MRRR: Robust Eigenpair Computation

Updated 18 February 2026

Multiple Relatively Robust Representations (MRRR) is an algorithmic framework that efficiently solves symmetric tridiagonal eigenproblems using recursively generated robust representations.
It leverages a spectrum-shifting and task-queue paradigm to break eigenvalue clusters, achieving O(kn) computational complexity and excellent parallel scalability.
Mixed-precision implementations within MRRR enhance numerical stability and orthogonality, offering accuracy comparable to traditional methods while maintaining speed.

Multiple Relatively Robust Representations (MRRR) is an algorithmic framework for the efficient solution of the real symmetric tridiagonal eigenproblem (STEP), a key subproblem arising in the computation of eigenvalues and eigenvectors of dense Hermitian matrices after tridiagonal reduction. MRRR is distinguished by its use of recursively generated, carefully factored matrix representations—each being a "Relatively Robust Representation" (RRR)—to extract eigenpairs accurately and efficiently. Its primary contributions are a computational complexity of $O(kn)$ for $k$ eigenpairs of an $n\times n$ matrix (with $k \approx n$ in typical full-spectrum computations), modest memory requirements, and strong parallelizability. MRRR achieves these through a spectrum-shifting and task-queue paradigm that breaks clusters of close eigenvalues via recursively constructed RRRs. The method’s accuracy, performance, and scalability have been the subject of extensive theoretical and empirical investigation, especially in recent mixed-precision variants.

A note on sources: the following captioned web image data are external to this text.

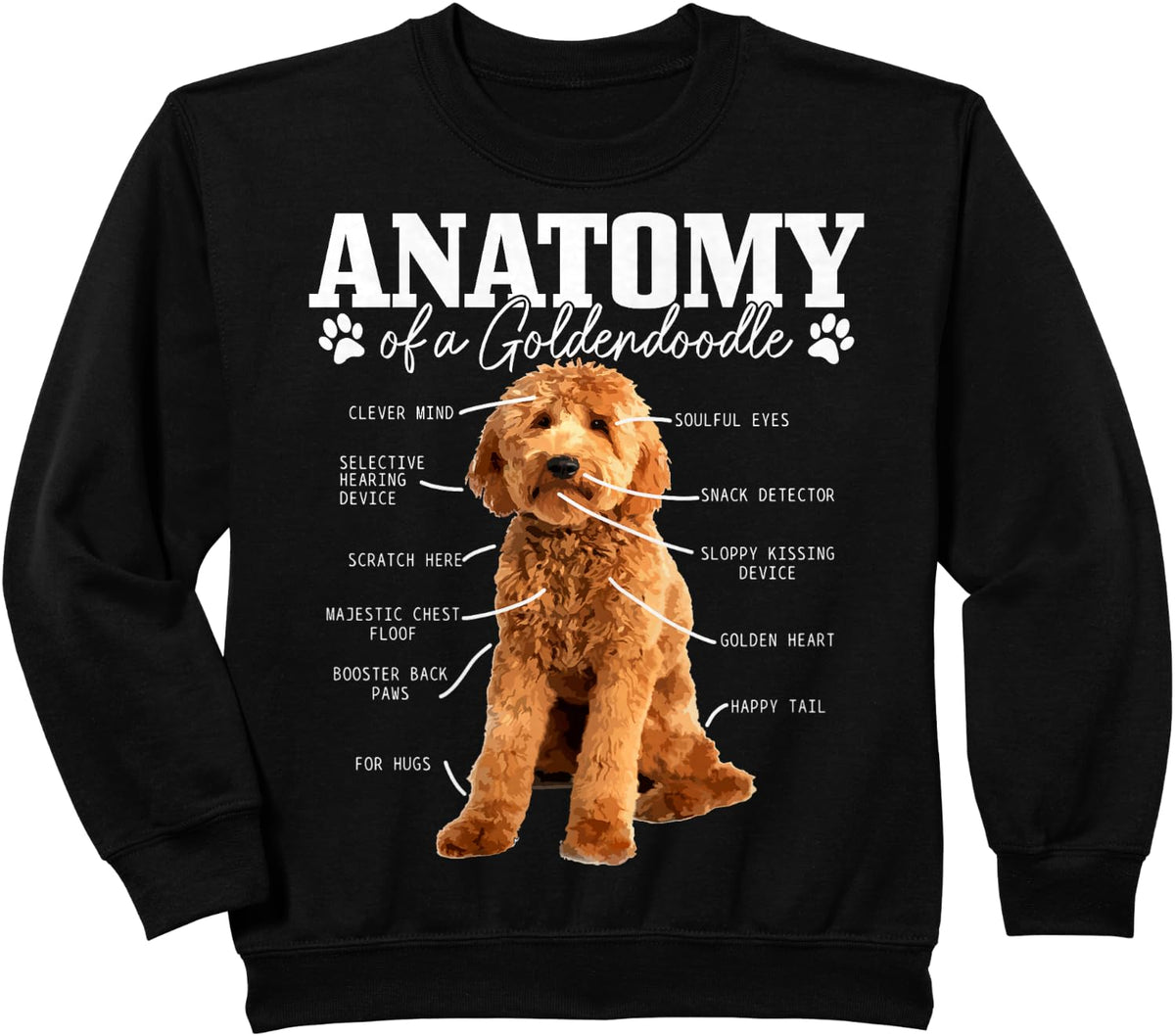 Anatomy Of A Goldendoodle Funny Cute Dog Doodle Mom Dad Sweatshirt - Black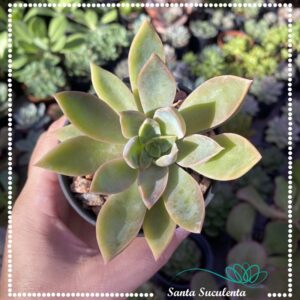 ECHEVERIA WATER LILY – PT 09 cm
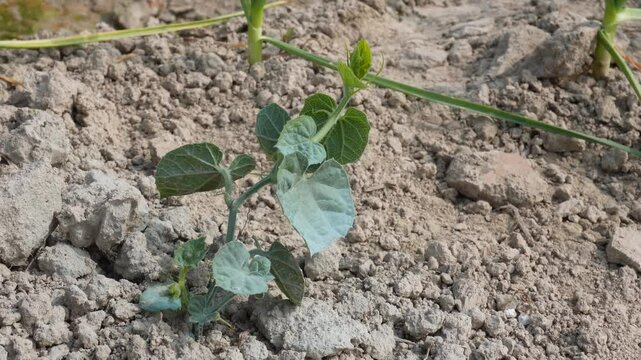 pointed gourd plants growing on agriculture field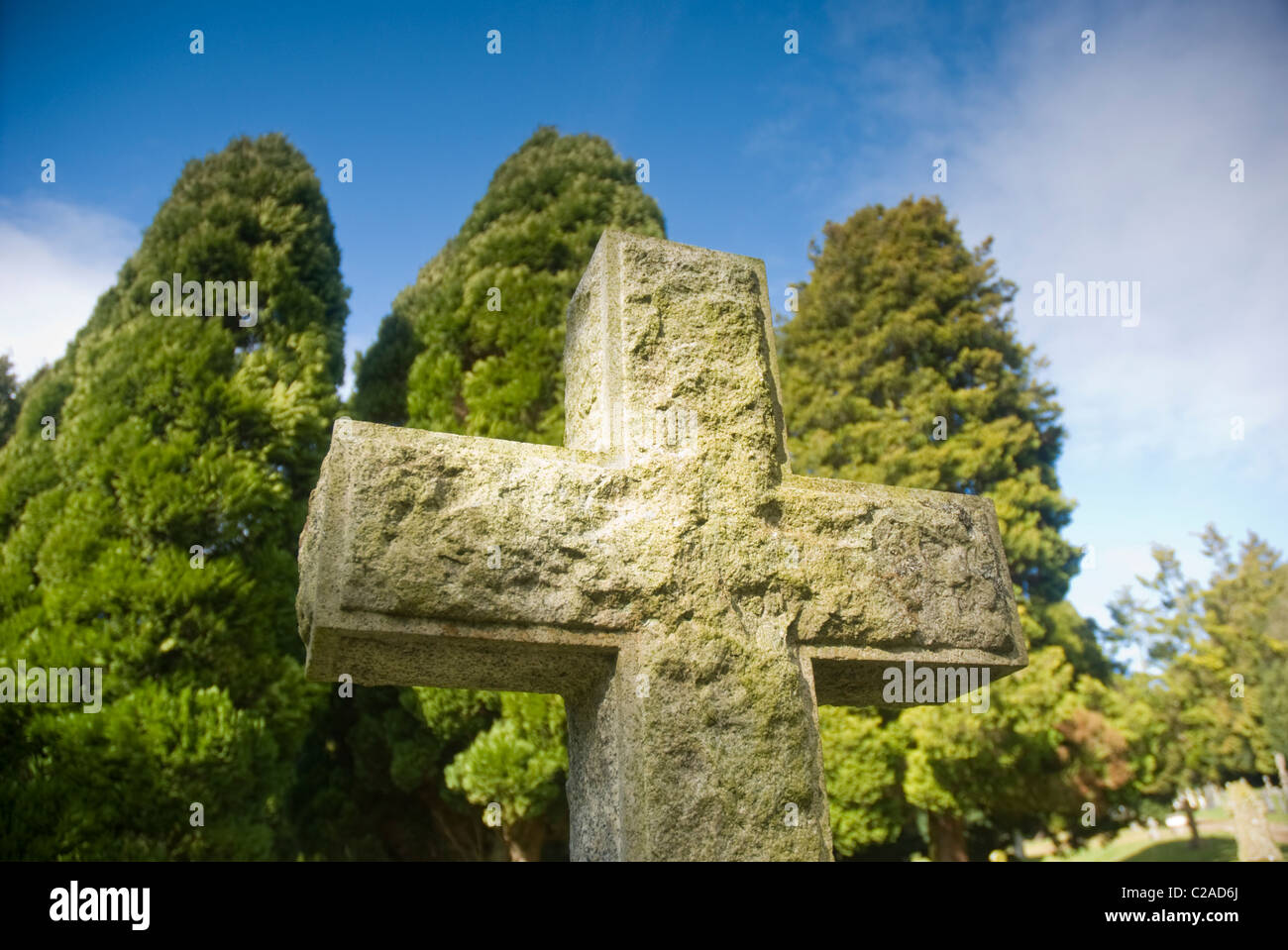 Gravestone and yew trees in the sun in Penrith, Cumbria Stock Photo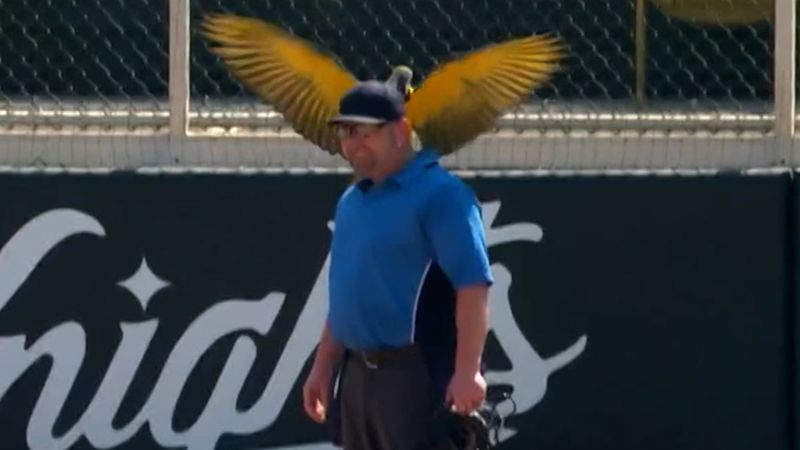 See what happens when parrot lands on ump during game | CNN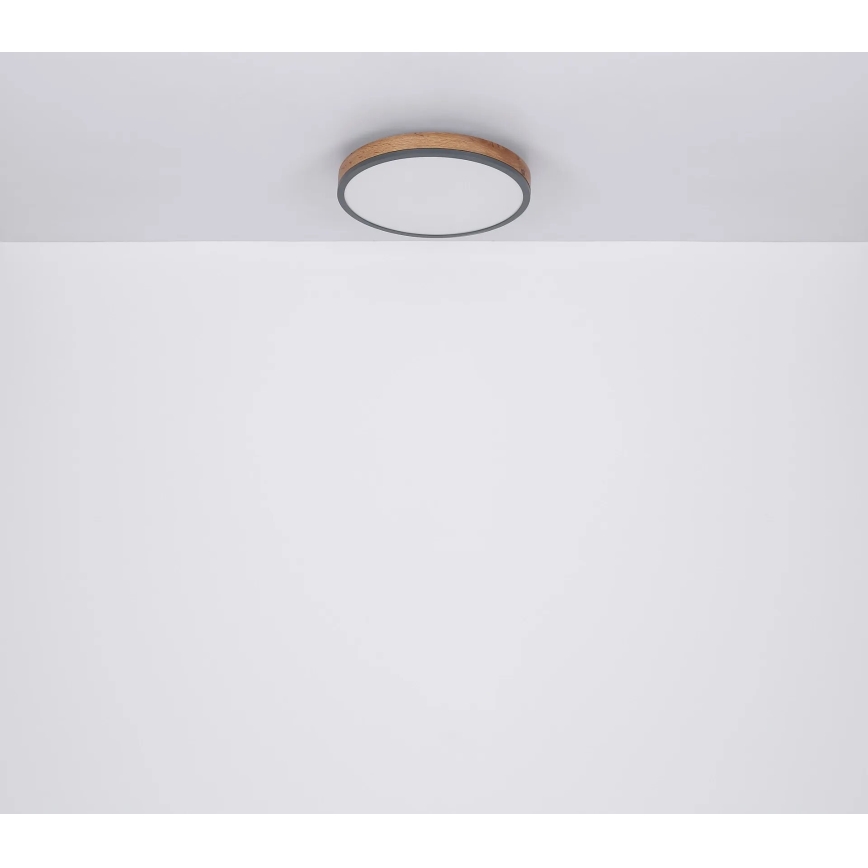 Globo - LED Stmievateľné stropné svietidlo LED/40W/230V 2700-6500K pr. 60 cm + diaľkové ovládanie hnedá/šedá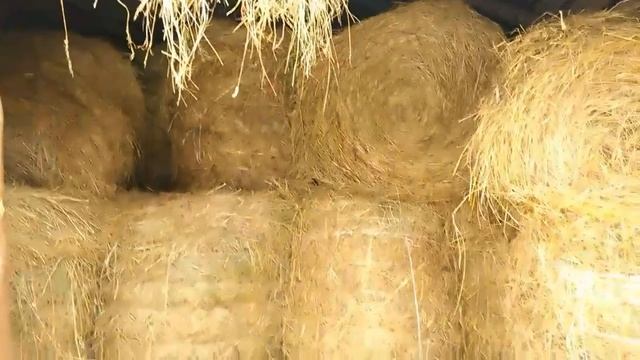 Расчистка дороги МТЗ-80 и подтаскивание рулонов сена.Украли удленнители навески трактора!!!! смотреть онлайн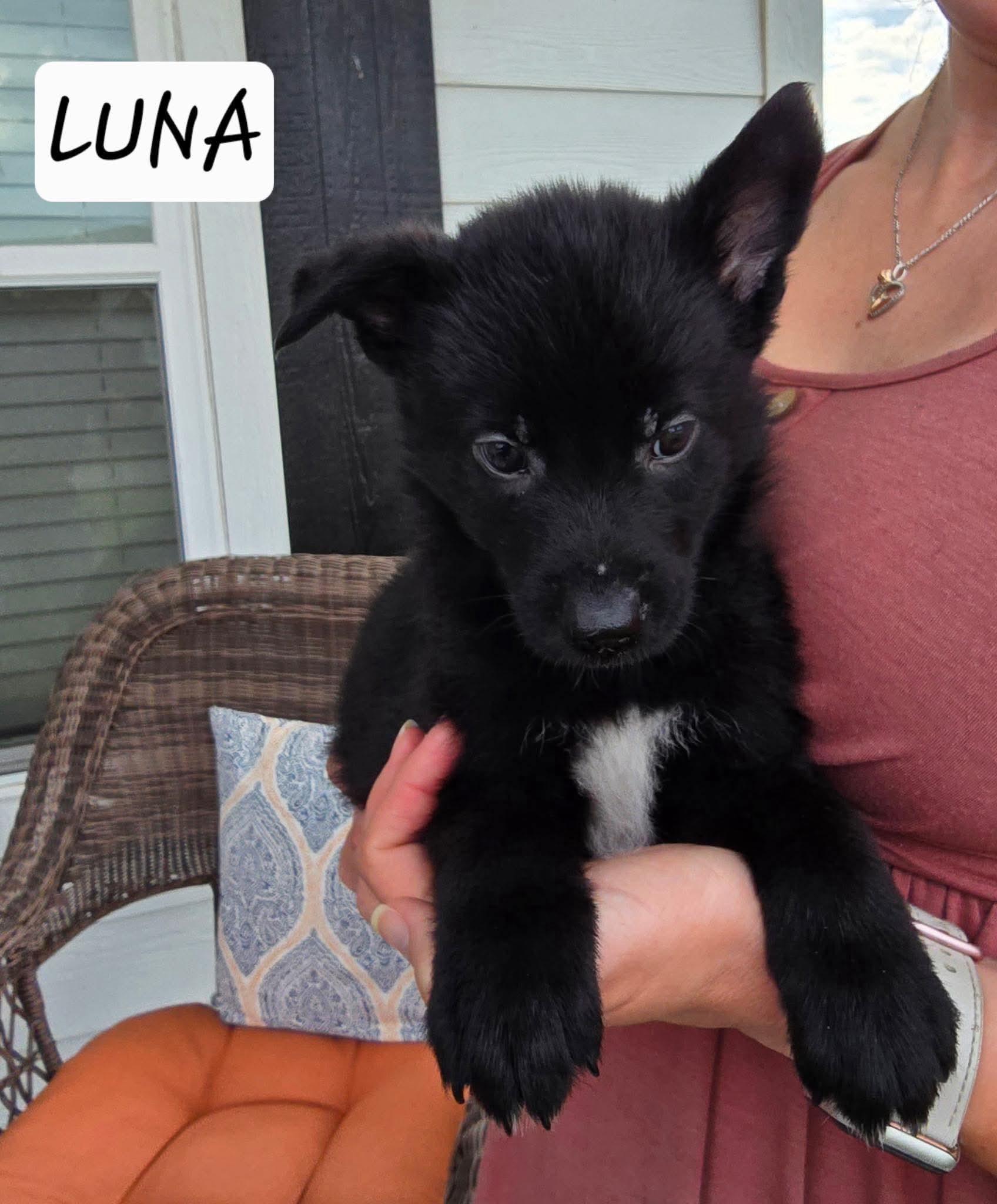 Enlarge Luna, a Adoptable mixed breed in Sanford, NC image 2/2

1. Mathematical Foundations and Classical Algorithm

The STEP requires the solution of

$T z_i = \lambda_i z_i, \qquad \|z_i\|_2 = 1, \quad \lambda_1 \leq \dots \leq \lambda_n$

for a real, symmetric, tridiagonal $T \in \mathbb{R}^{n \times n}$ . The MRRR approach is built upon the following core concepts:

Relatively Robust Representation (RRR): An RRR for a subset of eigenvalues indexed by $\mathcal{I} \subset \{1, \ldots, n\}$ is a factored form of a shifted tridiagonal,

$M = T - \sigma I = L D L^T \text{ or } U \Omega U^T \text{ or \textit{twisted/block variants}},$

where, for any small element-wise relative perturbation $|\widetilde x_i - x_i| \leq k\,\varepsilon\,|x_i|$ , the associated eigenvalues and invariant subspaces in $\mathcal{I}$ remain well-conditioned. Specifically,

$|\widetilde\lambda_i - \lambda_i| \leq k_{rr}\,n\,\xi\,|\lambda_i|,\quad \sin \angle(\widetilde{\mathcal{Z}}_{\mathcal{I}}, \mathcal{Z}_{\mathcal{I}}) \leq \frac{k_{rr}\,n\,\xi}{\mathrm{relgap}(\mathcal{I})}$

for moderate $k_{rr}$ and small $\xi$ .

Algorithmic Structure: MRRR constructs a queue of "tasks," each consisting of a representation $M$ and index set $\mathcal{I}$ . Singleton tasks (with $|\mathcal{I}| = 1$ ) yield eigenpairs via Rayleigh-quotient iteration (RQI) and twisted factorizations; clustered tasks ( $|\mathcal{I}| > 1$ ) trigger a shift, produce a new RRR, and subdivide the cluster by recursively building child tasks.

Algorithmic steps:

Preprocessing: scale and split $T$ at tiny off-diagonals.
Choose an initial root shift $\mu$ , form $M_{root} = T - \mu I$ , perturb.
Compute eigenvalue estimates for $M_{root}$ to relative accuracy set by $gaptol$ .
Initialize a task queue with $\{ M_{root},\mathcal{I}_{in}, \mu \}$ .
Iteratively process queue:
- Partition $\mathcal{I}$ into clusters according to $\mathrm{relgap}$ .
- For a singleton, execute RQI and back-shift.
- For a cluster, select shift $\tau$ , form new RRR $M_{shifted}$ and enqueue subtask.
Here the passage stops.